# Puppy car travel - what's best?



## nickymumf (Feb 5, 2012)

I'm trying to decide what's the best way to keep my puppy happy when travelling in the car. I was thinking that a harness would be better in the long term but perhaps a bit much for a small pup. But then I'm not sure about having a crate - soft or metal (which one is best?) - in the boot as he'd be out of sight. Help?! Would love some advice on this and I know you're the ones to ask!

Thanks
Nicky (& Milo)


----------



## xxxxxxxxhantsmummy (Mar 12, 2012)

Honey sits in front seat next to me and has done since 8 weeks we have harness with a clip that goes into seat belt. If we go out as family she goes in back seat in between kids, just have towels handy incase they get muddy! Can't bear to put my baby in the boot!!!!


----------



## MillieDog (Jun 1, 2011)

I think to start with its best to put them in the front seat, either with a harness or with a soft crate fastened to the safety belt. 

Millie was unsettled when we first took her out, crying and pooping in her soft crate. So we moved her to the front seat so she could see me.

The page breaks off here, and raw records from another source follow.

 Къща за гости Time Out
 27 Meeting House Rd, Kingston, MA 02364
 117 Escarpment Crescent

I then went on a couple of little journeys, literally 1 mile round the block. At the end I'd make a big fuss to praise her. Then we went on longer journeys where the end result was a nice time, ie a walk or visiting other puppies.

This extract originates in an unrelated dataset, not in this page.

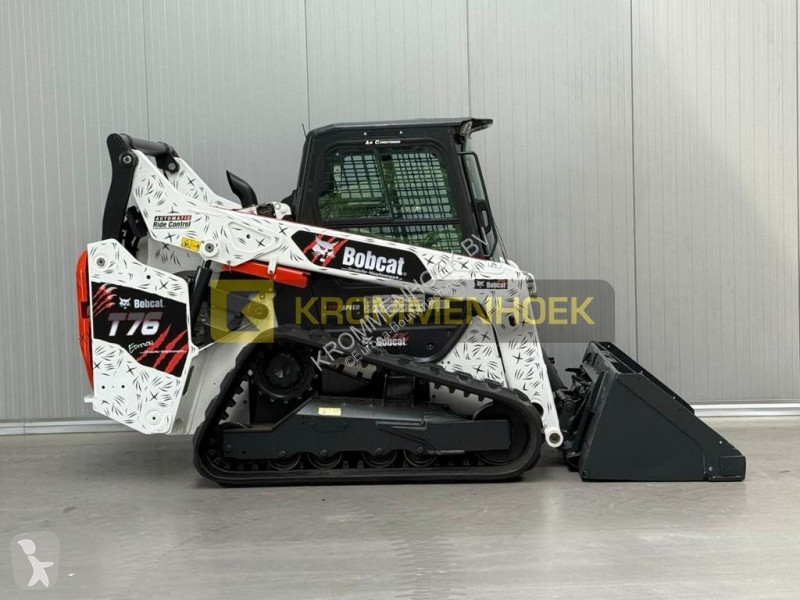 Shovel Bobcat T 76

After a short while, I moved Millie into the back seat opp the driver, so she could still see what was going on. At 11 weeks she had to go on a 2 hour journey in the back seat with hubby and my mum next to her. She was absolutely fine 

As she got bigger she didn't want to be in shut in the soft crate and used to sleep mostly in the crate with her nose sticking out (the door opened sideways) so she was till safe.

At about 7 months she wanted to be out of the crate and we started using a harness and a vet bed. 

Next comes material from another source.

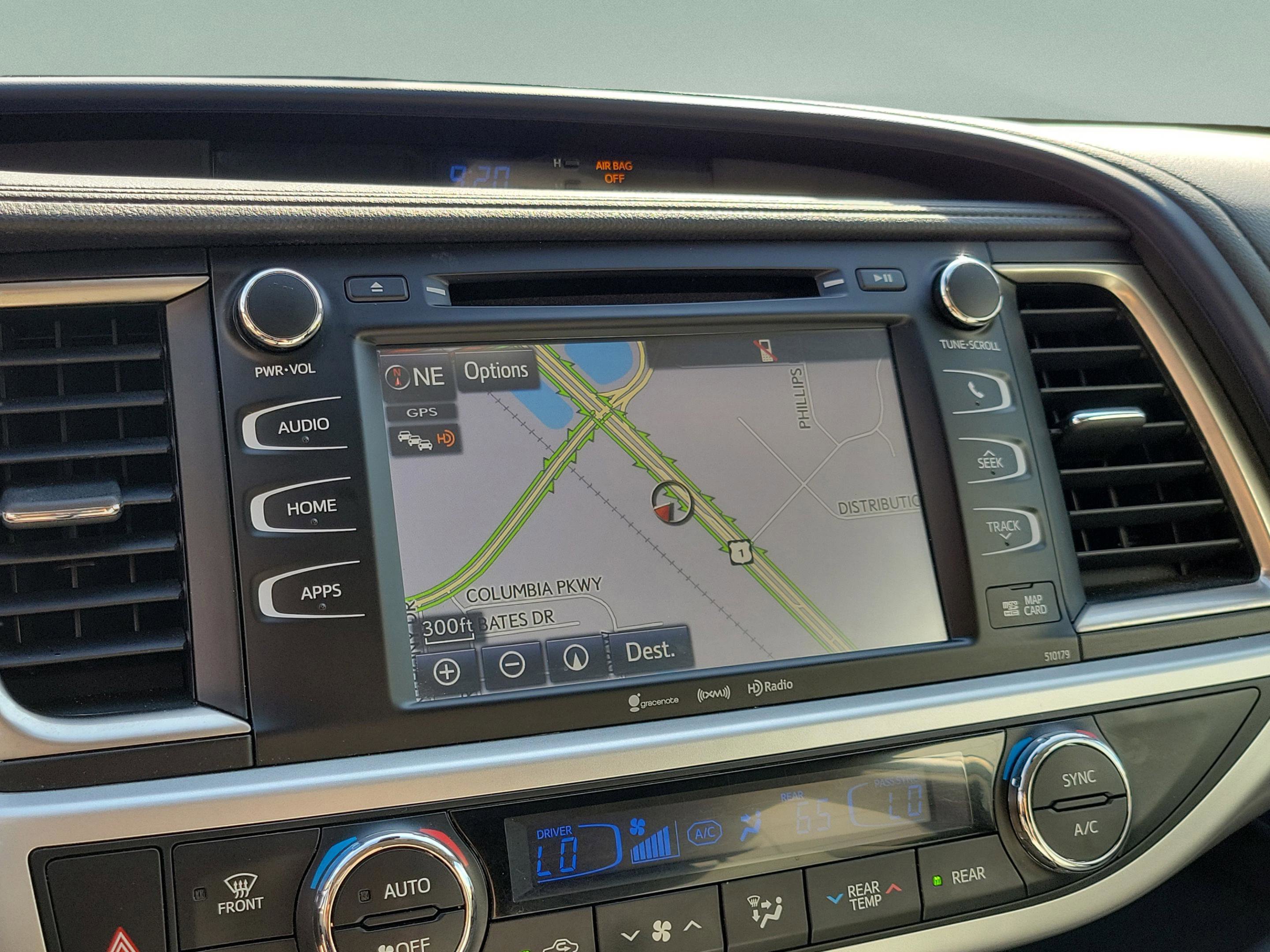 Used 2018 Toyota Highlander XLE FWD image 17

She's very good in the car, usually lies down and sleeps when the cars moving and stands to look out the window when its stationary.


----------



## mairi1 (Mar 12, 2012)

I have had Molly in a solid plastic carrier in the passenger seat strapped in with the seatbelt since she was 8weeks. She was initially unsure but after a couple of runs settled really well and now just falls straight to sleep. I am planning on buying a harness but will wait til she's a little bigger.


----------



## susanb (Jan 19, 2012)

Gisgo has always travelled in the back seat in between the kids. He has a harness and I bought a strap which plugs into the seat belt socket. He sits really well, or curls up and goes to sleep. We have a towel on the seat for when he has wet or dirty feet.


----------



## Kodysmom (Feb 11, 2012)

Kody road in the front seat in a plastic carrier for the 1st month and then he wanted out. I allowed him to sit in the front seat but he had to learn quickly that he could not jump over on the driver. Around 6 months i purchased solvit car seat (purchased on Amazon). Its like a basket that hangs over the head rest and a saftey around the side of the chair. It can be lowered or pulled up so that he can look out the window. For safety it has a clip that attaches to his harness.


----------



## tessybear (May 1, 2011)

Mine never settled in a crate in the boot they both like to keep me in their sight at all times! They sit on the back seat in their harnesses on a blanket and as long as they can see me they are happy.


----------



## Dextersmum (Feb 9, 2012)

Dexter is very happy travelling in his soft travel crate,which is on the back seat. He goes straight to sleep! We've used it with him from day one.


----------



## nickymumf (Feb 5, 2012)

*Thank you for the advice!*

Thank you all for your help - all good advice. So sounds like the front seat is where I should try first. I'll have a look at harnesses and soft crates. 

Nicky


----------



## nickymumf (Feb 5, 2012)

Hi Julie - what size soft crate are you using? I've seen so many different sizes and I just can't work out which one would be right/best!

Thx
Nicky


----------



## MillieDog (Jun 1, 2011)

nickymumf said:


> Hi Julie - what size soft crate are you using? I've seen so many different sizes and I just can't work out which one would be right/best!
> 
> Thx
> Nicky


Hi Nicky
I can't remember whether I bought a small or a medium size, but this is the one I bought.
http://www.4activedogs.co.uk/options-travel-soft-dog-crate---rosewood-1543-p.asp
I've got a feeling it was a medium, but not 100% sure.
Hope that sort of helps.


----------